Can we find a unique solution to this system of inequalities This is a question I chanced upon while thinking about my research. Suppose, for an unknown quantity $x\in(0,1)$ you observe the signs (positive, negative or zero) of all possible quantities of the form $\sum a_nx^n$ where $a_n\in\{-1,1,0\}$ for $n\in \{0,1,2,3...\}$. 
Of course, if you encounter something like $x=0$ or $x^2+x=0$ among the system of (in)equalities, you can find a unique solution for $x$.
But, can you always find a unique solution for $x$ from there given the infinite set of (in)equalities at your disposal? Or is there a counter-example?
I am more than happy to get hints or possible literature recommendations which might help me find the answer myself. 
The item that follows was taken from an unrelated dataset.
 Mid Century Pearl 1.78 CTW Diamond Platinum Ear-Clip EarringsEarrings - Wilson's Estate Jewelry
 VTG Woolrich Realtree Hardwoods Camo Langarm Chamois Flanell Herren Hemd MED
 A: You cannot distinguish between values less than 1/2 (including 1/2 if all your polynomials are finite).  The key idea is that $1/2 = 1/4 + 1/8 + 1/16 + \cdots$.  More formally, if $0 < x \leq 1/2$, then $$x^k > x^{k+1}+x^{k+2}+\cdots+x^{k+m} \geq \Big|a_{k+1}x^{k+1}+a_{k+2}x^{k+2}+\cdots+a_{k+m}x^{k+m}\Big|.$$ for any finite value of $m$.  Thus the sign of $\sum a_nx^n$ is just the sign of the first nonzero value of $a_n$ (in the list $a_0, a_1, a_2, \ldots$), regardless of where $x$ falls between 0 and 1/2, because the first term of the polynomial is sufficiently "heavy" to override all the rest of the terms.
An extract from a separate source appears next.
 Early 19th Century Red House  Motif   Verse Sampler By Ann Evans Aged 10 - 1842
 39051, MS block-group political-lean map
If $x > 1/2$, then I think you should be able to uniquely determine $x$ from the signs of the polynomials.  This follows from the following claim: for each $x$ in $(1/2, 1)$, there exists an infinite sequence $a_0, a_1, a_2, \ldots$ such that $$\lim_{i\to\infty}\sum_{n=0}^{i} a_nx^n = 0,\text{ and}$$$$\lim_{i\to\infty}\sum_{n=0}^{i} a_ny^n \neq 0\ \text{(if the limit even exists) if }y \neq x.$$  Such a sequence can be generated using the greedy-type algorithm, and the proof is very similar to the proof that $x < 1/2$ fails except the other way around.  If $x > 1/2$ then each individual term can be outweighed by finitely many future terms in the opposite direction.  So a greedy algorithm (by growing the list one term at a time by picking whatever sign brings you closer to 0) will bring the partial sums closer and closer to 0 over time.
I skipped some steps/rigor so if you want me to elaborate anywhere just make a comment!